You do realize this can be used to justify criticism of Obama as well, right?
Groucho48
@Mnemosyne:
That’s a possibility that hadn’t occurred to me. It does make sense. But, in cases like that, 400000 seems like a pretty high bar.
General Stuck
@MattR:
There are practical political reasons why it is important to temper criticism by activists toward a president of their own party. Does not mean it shouldn’t occur but how and when is very important. It is basic presidential politics of a president maintaining power by intimidation over congress to pass into law his policies. It is partly measured by overall popularity, but more specifically from a party’s activist community, that influences the fear and loathing factor a president needs to use the power of his office when and where it is needed, and with congress people of his own party.
And when there is principled dissent, it matters how it is conducted by that president’s supporters. And it is not helpful to run around writing in blog posts Obama as ‘wimp’ or, in this case, a headline suggestion Obama is “Conceder In Chief”. That is not helpful punditry, imo, especially from the lofty perch of the NYT’s. And there is no comparison to be made between a sitting president and how his supporters treat him, and bloggers and pundits of whatever stature. That is what is behind most of my emo commentary on this thread. I am just tired of it, and tired of the misplaced loyalty and support. And overwrought gratuitous critique
JS
@Groucho48:
Mitt Romney paid $1.9 million in taxes on $13.69 million in income in 2011, most of it from his investments, for an effective rate of 14.1 percent.
Since nearly all of his income is from capital gains, in 2013 Mitt Romney would pay $2.575 million in taxes on a similar $13.69 million in income, most of it from his investments, for an effective rate of around 19 percent.
I’m not sure how much additional revenue hiking capital gains rates back up to Clinton-era levels gets us, but I bet it’s at least comparable to the $100 billion over 10 years that adjusting the top tax level from $250k to $400k costs the balance sheet.
Porlock Junior
@Alias Undercover: “the Rethuglicans’ popularity dropping to somewhere below that of slime mold. ”
Hey, I like slime mold. Fascinating stuff to watch. Also, it has demonstrated the ability to lay out the design of the Tokyo transit system, which takes more brains than the entire Repub caucus has.
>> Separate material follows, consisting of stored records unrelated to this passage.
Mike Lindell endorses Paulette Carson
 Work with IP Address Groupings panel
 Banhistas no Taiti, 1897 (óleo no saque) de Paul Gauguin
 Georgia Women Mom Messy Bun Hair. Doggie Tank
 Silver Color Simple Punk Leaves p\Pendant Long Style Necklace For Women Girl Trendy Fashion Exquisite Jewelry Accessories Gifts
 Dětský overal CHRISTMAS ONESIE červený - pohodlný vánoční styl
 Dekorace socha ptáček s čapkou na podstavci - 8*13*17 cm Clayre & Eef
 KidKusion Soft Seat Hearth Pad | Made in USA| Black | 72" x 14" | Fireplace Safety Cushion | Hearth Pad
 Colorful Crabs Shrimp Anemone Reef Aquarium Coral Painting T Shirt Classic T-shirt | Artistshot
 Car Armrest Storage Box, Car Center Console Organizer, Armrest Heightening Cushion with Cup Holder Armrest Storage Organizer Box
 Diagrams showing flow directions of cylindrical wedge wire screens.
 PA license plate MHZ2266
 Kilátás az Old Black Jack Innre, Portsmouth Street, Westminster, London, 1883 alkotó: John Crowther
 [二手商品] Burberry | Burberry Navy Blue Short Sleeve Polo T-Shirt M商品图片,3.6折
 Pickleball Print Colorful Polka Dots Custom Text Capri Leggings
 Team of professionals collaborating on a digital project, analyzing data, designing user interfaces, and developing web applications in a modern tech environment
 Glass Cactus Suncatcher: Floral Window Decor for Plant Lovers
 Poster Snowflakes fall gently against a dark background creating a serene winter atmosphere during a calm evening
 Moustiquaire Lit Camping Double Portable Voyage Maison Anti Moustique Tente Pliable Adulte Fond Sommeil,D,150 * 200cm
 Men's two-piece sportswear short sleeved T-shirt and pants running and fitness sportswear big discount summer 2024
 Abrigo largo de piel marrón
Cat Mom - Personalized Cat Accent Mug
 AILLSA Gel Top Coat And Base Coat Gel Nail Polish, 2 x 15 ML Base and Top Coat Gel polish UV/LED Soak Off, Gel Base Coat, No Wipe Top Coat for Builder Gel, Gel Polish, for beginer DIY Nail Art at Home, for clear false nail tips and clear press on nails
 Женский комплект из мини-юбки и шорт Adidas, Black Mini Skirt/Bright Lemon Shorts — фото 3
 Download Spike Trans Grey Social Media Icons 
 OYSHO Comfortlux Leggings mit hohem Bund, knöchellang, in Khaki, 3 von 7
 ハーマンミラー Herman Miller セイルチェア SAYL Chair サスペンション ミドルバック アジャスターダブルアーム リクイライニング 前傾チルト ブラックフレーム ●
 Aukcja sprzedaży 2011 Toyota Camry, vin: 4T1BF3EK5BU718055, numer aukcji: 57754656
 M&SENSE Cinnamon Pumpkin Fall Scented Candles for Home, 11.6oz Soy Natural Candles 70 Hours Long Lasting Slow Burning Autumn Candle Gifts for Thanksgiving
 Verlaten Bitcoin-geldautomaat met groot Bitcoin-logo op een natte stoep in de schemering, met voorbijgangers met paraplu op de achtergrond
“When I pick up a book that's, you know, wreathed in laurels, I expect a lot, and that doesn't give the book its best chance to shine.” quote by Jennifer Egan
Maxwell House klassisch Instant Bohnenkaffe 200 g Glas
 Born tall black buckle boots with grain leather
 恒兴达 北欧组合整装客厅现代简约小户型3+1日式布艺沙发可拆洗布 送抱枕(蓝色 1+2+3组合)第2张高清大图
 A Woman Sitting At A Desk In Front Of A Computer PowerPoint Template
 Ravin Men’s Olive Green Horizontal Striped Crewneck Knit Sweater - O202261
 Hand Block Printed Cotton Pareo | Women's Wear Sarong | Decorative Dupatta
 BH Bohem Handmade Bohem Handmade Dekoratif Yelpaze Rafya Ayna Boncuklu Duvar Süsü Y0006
So, ok, I agree: they deserve to rank below slime mold. I just don’t like the attitude.
Groucho48
@JS:
I think you missed the point of my question. I was asking why does someone earning a total of 399,000 pay a 15% capital gains tax, while someone earning 400000 pay a 20% capital gains tax?
Wouldn’t it be better to say the rate is 15% on the first, say, 100,000 of capital gains and 20% on anything over that?
And, yes, I see no reason why capital gains shouldn’t be taxed at the same rate as “regular” income, but, that’s a different discussion.
Lojasmo
@NR:
Obama’s campaign was about NOT SCREWING THE MIDDLE CLASS.
This bill DOES NOT screw the middle class.
Xenos
This deal is a political gambit – for once the house GOP is going to have to let a non_Hastert bill come up for a vote. If they do, and the deal passes, then either the house will collapse in warfare or the GOP will be tamed. Any other action, including the lame manuever of piling on amendments at this late date, will result in the GOP being 100 percent responsable for the cliff.
Obama is a political strategist – forcing a deal like this on the house is the point that matters, and the finer details of the COLA do not matter. If Obama can win this he will have plenty of time to fix that later.
Xenos
@Groucho48: That is how marginal tax rates work. Something like only 10 per cent of the public understands this?